Gaps are important events of great significance for technical analysts. The surge in supply or demand could suggest that the market sentiment is going through a major change. If this change influences the market over time, it can result in a new trend, or stop or strengthen an ongoing trade. In order to ascertain which event will in fact occur, you have to find out what sort of gap has been produced.
The breakaway gap happens when the market is moving sideways. This means that the market could be in a reversal pattern or a continuation pattern. It is also possible that a trend has stopped and the market is still unsure where to move next.
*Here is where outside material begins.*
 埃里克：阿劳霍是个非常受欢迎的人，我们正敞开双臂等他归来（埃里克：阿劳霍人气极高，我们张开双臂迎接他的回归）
When gaps occur within such an environment during a period of high trading volume, it is probably a breakaway gap.
That there is a high trading volume suggests that a large number of traders share the underlying change in market sentiment that resulted in the gap. This indicates that the surge in supply or demand will influence the market for a considerable timespan.
The conclusion is that you can expect a new trend to arise as a result of a breakaway gap. So how do you identify and start trading breakaway gaps?
You can rely on various technical indicators in order to identify periods when the market is in a sideways movement. The moving average will, for example, change direction very frequently, during sideways movements. For this reason, you ought to monitor the moving average, using either your trading software or by keeping your eyes on your price chart.
If you see that the moving average has changed its direction more than a couple of times during the most recent periods, it is likely that the market is moving sideways. For this approach to work, you should a mid-range amount of periods for the moving average. If you use a short timeframe for your chart, you need to use fewer periods.
In order to make the detection of sideways movement more precise, you might want to employ several different moving averages at the same time. Use different amounts of periods for these moving averages. The line of reference will be generated by the longest of these moving averages. You need to ensure that this moving average has a lot more periods than the others.
When the market is in a trend, all the shorter moving averages ought to be on the same side of the longest moving average. However, when the market is defined by sideways movement, these shorter moving averages will be scattered on all sides of the long moving averages. If you are creating an automated trading system for yourself, this method might come in very handy. For manual traders, it is usually easy to determine the absence or presence of a trend by looking at a price chart.
The fact that a breakaway gap suggests the beginning of strong market developments that will cause the creation of a new trend, makes breakaway gaps highly significant events. Both trend followers and swing traders can make binary options investments based on breakaway gaps.
In the case of swing traders, they should endeavor to take advantage of the first strong movement the breakaway gap causes. They can do this by either investing in a high / low option with a short expiry time relative to the chart’s timeframe, or a touch option.
The advantage of investing in a high / low option is the higher win percentage. The advantage of a touch option is that it will offer a greater payout. There is money to be made either way. Should you have a preference for trading on the whole trend, your best chance is to invest in a high / low option with an extended expiry time. Preferably more than 10 periods.
If your binary broker offers a touch option with a long expiry, and a target price that is quite far off from the current price, this could be a promising investment opportunity. By using technical indicators like the average true range you can estimate whether or not the market is capable of attaining the target price. Beware, however, that after the breakaway gap the market will probably pick up momentum.